London is built from concrete, steel and the creative urge.
Old technology gives way to the new. Progress is inevitable – but is it more fragile than its inhabitants realise?
A strange anomaly is uncovered in the new top-secret Crossrail extension being built under Buckingham Palace. It is an archeological puzzle, one that may transform our understanding of history – and the origins of London itself.
And if our modern world falls, we may have to turn to the technology of the past in order to save our future.
I received a copy of this book in exchange for an honest review.
Rian Hughe’s books are hard to describe using words. They’re beautiful, weird, unsettling, GORGEOUS and unlike anything I have ever come across. You have to get hard copies of Hughes’ work because reading it is an experience and you need to really see the design to understand that.
This is a book about architecture, technology, and what feels like a healthy dose of believable conspiracy theory. Trust me it works so well, I stayed up well into the night to finish this book as I just couldn’t stop reading. There was a point in the book where parts just felt like they could be completely real and true and I found myself thinking that I wouldn’t be surprised if this turned out to actually be a real thing.
It’s hard to talk about The Black Locomotive without heading into spoiler territory. I firmly believe that you should go into this book knowing as little as possible. Hughes hurtles you through the plot, using differing PoV to give new angles and perspectives. It never slows down and there’s a whole section involving a steam train that really ramps up the pace and gets your blood pumping.
Not only does this book contain some gorgeous imagery and illustrations but Hughes uses different fonts for each character. Not only do you get a sense of personality through the writing but you get an extra layer through the fonts that Hughes has chosen. There is nothing in this book that isn’t there for a very good reason, and that each marking isn’t random. It makes you appreciate everything just that little bit more.

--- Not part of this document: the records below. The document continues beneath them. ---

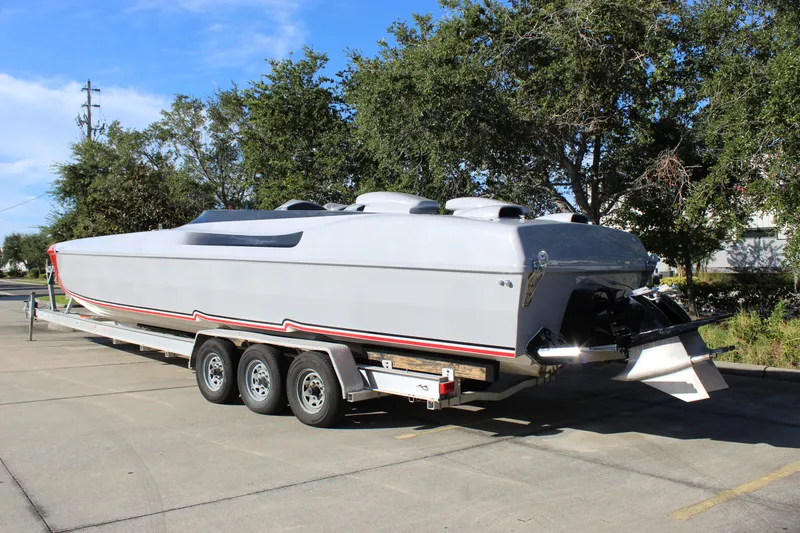Slide: The Image of 2007 Chaudron 41 SS powerboat on trailer, parked outdoors with trees in background. - 6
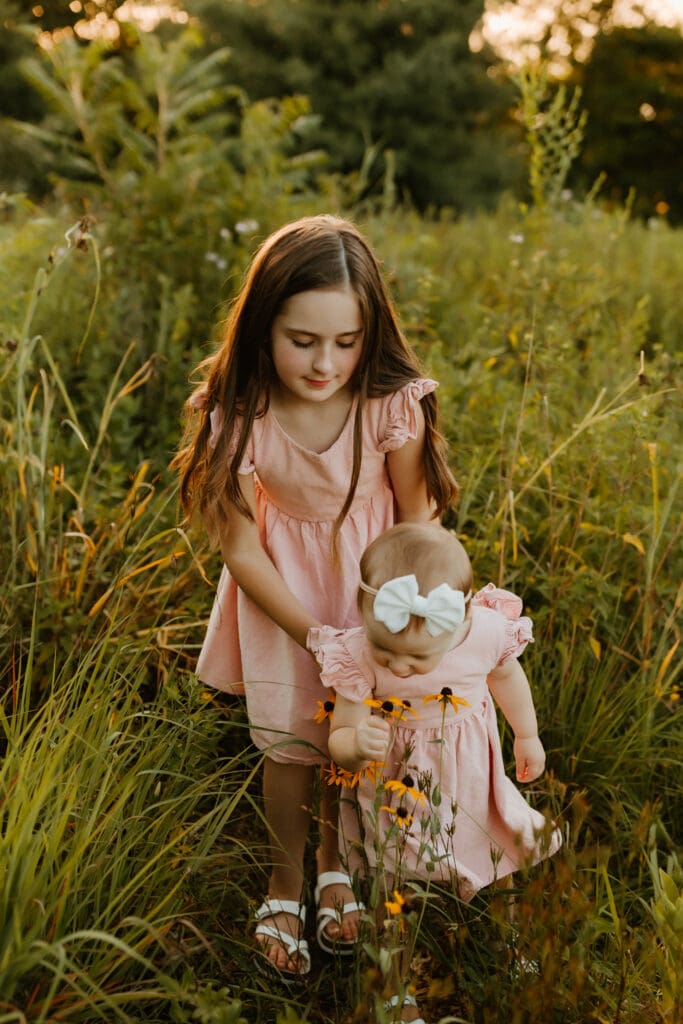 sisters smelling spring flowers during elkhart photoshoot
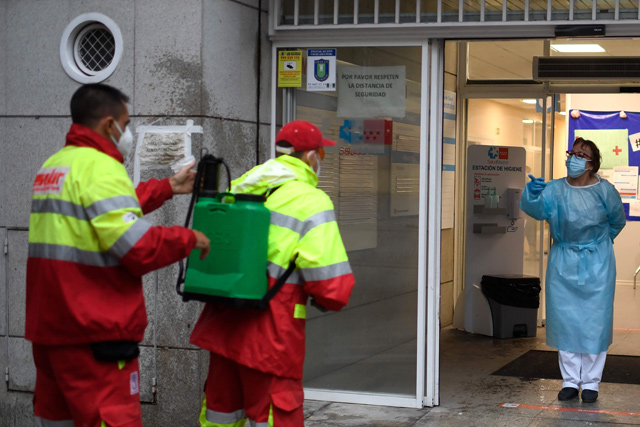 A health worker (right) talks to municipal workers before they disinfect the entrance of a health centre in the Usera district of Madrid, on Friday (AFP photo)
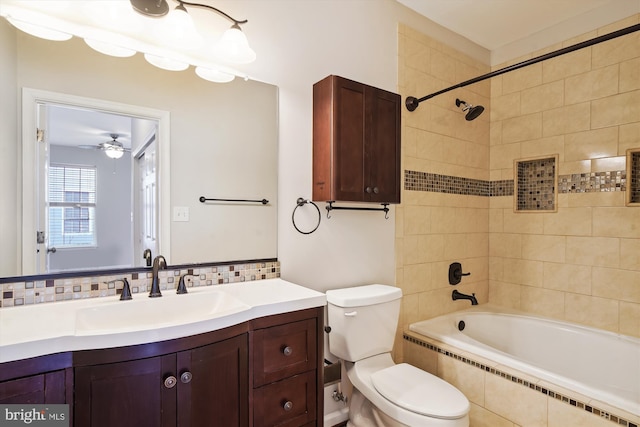 bathroom with toilet, tiled shower / bath, backsplash, and vanity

The plot of The Black Locomotive is less dense than XX (which you should also read), but it doesn’t make it any less incredible. I still found myself completely pulled in and awestruck by parts of this book. I wished this book was longer. It ended just at the moment where I wanted more. The plot just hits what could be the start of another act and then it’s over! I respect Hughes’ decision here because it works but I have a hope that maybe we’ll get another book to explore what happens after this one. I felt like it wasn’t quite over.
Secret societies, archaeology and a dose of sci-fi. That’s just part of what you’re getting in The Black Locomotive. Buy it, read it, display it and love it. That’s my recommendation.